- _TASK DETAILS_:
Please take the records that follow and repeat exactly the lines starting with the line with "unissexFerrino mochila dura 40 NB8Z66" and going on through the line with "Urutan Film The".

- _DATA SUPPLIED_:
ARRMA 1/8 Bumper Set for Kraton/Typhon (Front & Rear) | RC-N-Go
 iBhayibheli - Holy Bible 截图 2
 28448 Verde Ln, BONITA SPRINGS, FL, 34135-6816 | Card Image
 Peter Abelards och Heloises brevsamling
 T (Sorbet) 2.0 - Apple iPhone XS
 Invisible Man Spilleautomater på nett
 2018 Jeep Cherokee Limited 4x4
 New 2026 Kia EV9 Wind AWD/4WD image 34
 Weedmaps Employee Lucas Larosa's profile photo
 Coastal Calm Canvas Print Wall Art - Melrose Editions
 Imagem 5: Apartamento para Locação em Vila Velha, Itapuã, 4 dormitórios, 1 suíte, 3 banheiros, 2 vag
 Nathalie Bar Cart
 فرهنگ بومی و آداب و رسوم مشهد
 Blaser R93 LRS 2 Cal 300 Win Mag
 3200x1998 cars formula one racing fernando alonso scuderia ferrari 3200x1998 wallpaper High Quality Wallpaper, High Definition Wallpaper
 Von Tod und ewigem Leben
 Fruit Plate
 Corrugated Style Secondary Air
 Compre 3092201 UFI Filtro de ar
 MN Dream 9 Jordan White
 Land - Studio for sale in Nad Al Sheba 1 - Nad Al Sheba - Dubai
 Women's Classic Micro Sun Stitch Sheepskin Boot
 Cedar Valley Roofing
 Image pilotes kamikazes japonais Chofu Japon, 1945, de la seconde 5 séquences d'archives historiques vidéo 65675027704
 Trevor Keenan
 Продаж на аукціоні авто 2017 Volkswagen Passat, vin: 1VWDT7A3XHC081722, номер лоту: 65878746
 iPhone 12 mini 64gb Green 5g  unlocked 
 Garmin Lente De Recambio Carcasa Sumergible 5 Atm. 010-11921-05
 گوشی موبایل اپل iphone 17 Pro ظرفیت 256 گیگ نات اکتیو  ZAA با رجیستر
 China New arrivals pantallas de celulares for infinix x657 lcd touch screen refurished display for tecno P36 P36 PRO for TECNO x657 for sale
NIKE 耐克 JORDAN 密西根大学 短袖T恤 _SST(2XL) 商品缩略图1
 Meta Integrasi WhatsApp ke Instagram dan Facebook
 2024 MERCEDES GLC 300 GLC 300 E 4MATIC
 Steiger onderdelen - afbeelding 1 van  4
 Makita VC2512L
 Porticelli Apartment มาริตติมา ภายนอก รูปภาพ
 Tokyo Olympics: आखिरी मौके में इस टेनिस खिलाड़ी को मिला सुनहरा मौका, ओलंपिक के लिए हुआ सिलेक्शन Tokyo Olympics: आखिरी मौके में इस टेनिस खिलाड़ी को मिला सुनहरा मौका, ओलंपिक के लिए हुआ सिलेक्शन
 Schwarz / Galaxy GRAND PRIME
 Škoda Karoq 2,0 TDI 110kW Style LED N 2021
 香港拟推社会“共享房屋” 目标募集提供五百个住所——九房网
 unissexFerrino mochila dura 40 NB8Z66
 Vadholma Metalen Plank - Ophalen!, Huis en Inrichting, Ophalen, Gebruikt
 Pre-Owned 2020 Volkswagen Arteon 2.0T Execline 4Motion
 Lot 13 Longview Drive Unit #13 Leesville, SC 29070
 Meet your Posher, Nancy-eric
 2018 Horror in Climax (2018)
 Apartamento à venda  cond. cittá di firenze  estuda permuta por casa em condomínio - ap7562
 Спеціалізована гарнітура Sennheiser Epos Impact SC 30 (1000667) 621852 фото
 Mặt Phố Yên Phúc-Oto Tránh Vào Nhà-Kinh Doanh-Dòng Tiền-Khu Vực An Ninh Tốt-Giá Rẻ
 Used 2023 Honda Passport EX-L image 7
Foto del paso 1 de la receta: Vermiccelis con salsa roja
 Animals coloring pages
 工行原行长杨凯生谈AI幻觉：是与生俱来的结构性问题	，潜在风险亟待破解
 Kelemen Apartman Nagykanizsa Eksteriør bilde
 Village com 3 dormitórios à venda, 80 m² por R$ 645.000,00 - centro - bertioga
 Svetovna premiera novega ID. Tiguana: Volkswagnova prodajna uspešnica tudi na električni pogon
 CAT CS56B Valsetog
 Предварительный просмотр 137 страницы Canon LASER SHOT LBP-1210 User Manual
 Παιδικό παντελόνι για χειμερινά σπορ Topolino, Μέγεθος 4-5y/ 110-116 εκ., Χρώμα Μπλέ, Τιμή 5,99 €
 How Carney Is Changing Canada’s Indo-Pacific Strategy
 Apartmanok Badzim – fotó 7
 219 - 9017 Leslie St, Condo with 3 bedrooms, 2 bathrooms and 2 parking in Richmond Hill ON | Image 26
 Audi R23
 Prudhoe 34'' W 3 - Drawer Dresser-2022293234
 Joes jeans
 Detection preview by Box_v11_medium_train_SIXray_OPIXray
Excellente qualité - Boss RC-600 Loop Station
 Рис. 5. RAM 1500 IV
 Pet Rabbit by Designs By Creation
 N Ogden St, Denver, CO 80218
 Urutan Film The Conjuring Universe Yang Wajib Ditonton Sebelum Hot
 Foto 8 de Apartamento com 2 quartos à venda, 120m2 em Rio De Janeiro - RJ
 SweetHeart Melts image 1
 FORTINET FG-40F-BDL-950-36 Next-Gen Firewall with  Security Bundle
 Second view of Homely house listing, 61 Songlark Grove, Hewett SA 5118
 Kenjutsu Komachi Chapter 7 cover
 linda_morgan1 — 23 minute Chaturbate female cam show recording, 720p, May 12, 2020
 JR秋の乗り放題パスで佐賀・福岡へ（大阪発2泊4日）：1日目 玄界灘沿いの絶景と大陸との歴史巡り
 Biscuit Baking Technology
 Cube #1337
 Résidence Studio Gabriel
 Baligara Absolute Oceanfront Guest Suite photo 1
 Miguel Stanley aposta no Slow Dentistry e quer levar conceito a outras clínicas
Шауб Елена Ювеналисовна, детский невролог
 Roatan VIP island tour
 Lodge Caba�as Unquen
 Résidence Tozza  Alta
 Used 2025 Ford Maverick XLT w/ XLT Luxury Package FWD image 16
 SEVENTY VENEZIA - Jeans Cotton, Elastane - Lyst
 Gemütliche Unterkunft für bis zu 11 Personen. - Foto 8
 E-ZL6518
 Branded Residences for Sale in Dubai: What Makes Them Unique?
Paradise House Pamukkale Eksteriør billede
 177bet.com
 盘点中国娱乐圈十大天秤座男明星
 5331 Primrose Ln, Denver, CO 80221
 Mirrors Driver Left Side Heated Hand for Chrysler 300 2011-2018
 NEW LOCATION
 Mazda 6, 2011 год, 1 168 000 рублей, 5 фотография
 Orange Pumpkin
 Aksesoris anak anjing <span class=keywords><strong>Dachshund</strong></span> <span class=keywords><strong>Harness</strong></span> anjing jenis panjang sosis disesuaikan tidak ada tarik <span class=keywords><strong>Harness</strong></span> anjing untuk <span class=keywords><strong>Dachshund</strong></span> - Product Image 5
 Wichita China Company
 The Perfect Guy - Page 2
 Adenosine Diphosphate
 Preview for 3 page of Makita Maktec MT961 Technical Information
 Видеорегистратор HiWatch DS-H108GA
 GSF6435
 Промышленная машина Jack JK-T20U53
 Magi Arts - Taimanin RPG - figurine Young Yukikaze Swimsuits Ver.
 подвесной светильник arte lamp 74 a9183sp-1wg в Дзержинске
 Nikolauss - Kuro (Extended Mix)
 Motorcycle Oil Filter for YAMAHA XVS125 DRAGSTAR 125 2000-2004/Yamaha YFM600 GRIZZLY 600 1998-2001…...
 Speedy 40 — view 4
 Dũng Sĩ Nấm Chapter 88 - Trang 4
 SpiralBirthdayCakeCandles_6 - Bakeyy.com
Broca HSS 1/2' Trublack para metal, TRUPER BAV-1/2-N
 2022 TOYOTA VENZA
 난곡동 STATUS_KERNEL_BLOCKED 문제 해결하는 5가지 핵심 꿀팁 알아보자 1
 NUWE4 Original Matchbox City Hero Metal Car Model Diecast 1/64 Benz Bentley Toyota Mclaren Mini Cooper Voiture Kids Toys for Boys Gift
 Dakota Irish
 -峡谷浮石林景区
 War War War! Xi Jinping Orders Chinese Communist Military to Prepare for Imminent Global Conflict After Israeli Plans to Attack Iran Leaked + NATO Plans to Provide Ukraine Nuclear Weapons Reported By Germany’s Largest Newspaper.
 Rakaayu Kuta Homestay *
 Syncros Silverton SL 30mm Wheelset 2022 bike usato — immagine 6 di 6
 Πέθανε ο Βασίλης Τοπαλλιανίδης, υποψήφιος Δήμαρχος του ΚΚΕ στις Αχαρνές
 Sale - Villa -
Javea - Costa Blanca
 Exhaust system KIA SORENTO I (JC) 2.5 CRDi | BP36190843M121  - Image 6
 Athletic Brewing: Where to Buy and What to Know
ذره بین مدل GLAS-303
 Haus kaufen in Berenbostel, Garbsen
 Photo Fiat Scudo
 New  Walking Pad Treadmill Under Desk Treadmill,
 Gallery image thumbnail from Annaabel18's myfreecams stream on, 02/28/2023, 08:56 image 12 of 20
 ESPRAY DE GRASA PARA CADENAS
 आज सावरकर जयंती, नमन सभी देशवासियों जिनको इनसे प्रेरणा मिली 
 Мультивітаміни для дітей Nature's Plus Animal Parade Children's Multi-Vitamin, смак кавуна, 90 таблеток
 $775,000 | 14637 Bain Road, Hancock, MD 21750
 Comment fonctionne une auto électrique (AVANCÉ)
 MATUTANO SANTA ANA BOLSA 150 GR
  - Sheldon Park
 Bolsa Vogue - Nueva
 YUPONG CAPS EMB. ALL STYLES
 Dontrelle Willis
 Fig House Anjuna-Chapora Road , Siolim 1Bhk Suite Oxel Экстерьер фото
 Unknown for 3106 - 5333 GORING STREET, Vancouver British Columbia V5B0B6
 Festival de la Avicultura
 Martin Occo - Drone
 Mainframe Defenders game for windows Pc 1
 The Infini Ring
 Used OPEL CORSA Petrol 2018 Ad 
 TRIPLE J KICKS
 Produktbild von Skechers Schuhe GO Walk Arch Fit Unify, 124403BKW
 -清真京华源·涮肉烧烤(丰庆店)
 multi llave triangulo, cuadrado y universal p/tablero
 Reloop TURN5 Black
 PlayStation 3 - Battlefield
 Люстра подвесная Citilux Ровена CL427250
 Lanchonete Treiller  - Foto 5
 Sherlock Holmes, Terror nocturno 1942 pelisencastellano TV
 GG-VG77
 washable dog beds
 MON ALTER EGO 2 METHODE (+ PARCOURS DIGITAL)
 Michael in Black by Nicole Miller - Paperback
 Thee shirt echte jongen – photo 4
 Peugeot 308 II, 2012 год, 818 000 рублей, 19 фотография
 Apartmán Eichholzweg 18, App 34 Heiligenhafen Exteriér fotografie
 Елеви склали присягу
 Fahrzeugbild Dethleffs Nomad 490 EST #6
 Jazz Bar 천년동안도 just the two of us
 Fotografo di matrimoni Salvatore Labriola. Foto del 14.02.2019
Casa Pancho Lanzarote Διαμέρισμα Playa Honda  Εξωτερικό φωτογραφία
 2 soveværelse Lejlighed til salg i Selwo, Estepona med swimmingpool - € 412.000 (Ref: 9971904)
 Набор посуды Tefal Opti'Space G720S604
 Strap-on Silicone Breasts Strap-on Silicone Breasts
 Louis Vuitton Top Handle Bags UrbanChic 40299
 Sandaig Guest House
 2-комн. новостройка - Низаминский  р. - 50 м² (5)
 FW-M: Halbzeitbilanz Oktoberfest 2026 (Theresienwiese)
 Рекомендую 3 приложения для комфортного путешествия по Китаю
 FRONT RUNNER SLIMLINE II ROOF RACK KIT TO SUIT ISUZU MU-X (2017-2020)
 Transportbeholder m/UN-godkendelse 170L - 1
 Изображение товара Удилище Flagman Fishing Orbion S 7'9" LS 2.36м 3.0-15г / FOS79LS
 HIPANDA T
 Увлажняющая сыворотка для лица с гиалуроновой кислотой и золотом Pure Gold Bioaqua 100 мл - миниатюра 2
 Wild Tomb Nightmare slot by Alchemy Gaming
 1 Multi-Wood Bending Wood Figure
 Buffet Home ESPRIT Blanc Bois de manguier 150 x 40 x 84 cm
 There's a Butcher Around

- _EXERCISE ANSWER_:
 unissexFerrino mochila dura 40 NB8Z66
 Vadholma Metalen Plank - Ophalen!, Huis en Inrichting, Ophalen, Gebruikt
 Pre-Owned 2020 Volkswagen Arteon 2.0T Execline 4Motion
 Lot 13 Longview Drive Unit #13 Leesville, SC 29070
 Meet your Posher, Nancy-eric
 2018 Horror in Climax (2018)
 Apartamento à venda  cond. cittá di firenze  estuda permuta por casa em condomínio - ap7562
 Спеціалізована гарнітура Sennheiser Epos Impact SC 30 (1000667) 621852 фото
 Mặt Phố Yên Phúc-Oto Tránh Vào Nhà-Kinh Doanh-Dòng Tiền-Khu Vực An Ninh Tốt-Giá Rẻ
 Used 2023 Honda Passport EX-L image 7
Foto del paso 1 de la receta: Vermiccelis con salsa roja
 Animals coloring pages
 工行原行长杨凯生谈AI幻觉：是与生俱来的结构性问题	，潜在风险亟待破解
 Kelemen Apartman Nagykanizsa Eksteriør bilde
 Village com 3 dormitórios à venda, 80 m² por R$ 645.000,00 - centro - bertioga
 Svetovna premiera novega ID. Tiguana: Volkswagnova prodajna uspešnica tudi na električni pogon
 CAT CS56B Valsetog
 Предварительный просмотр 137 страницы Canon LASER SHOT LBP-1210 User Manual
 Παιδικό παντελόνι για χειμερινά σπορ Topolino, Μέγεθος 4-5y/ 110-116 εκ., Χρώμα Μπλέ, Τιμή 5,99 €
 How Carney Is Changing Canada’s Indo-Pacific Strategy
 Apartmanok Badzim – fotó 7
 219 - 9017 Leslie St, Condo with 3 bedrooms, 2 bathrooms and 2 parking in Richmond Hill ON | Image 26
 Audi R23
 Prudhoe 34'' W 3 - Drawer Dresser-2022293234
 Joes jeans
 Detection preview by Box_v11_medium_train_SIXray_OPIXray
Excellente qualité - Boss RC-600 Loop Station
 Рис. 5. RAM 1500 IV
 Pet Rabbit by Designs By Creation
 N Ogden St, Denver, CO 80218
 Urutan Film The Conjuring Universe Yang Wajib Ditonton Sebelum Hot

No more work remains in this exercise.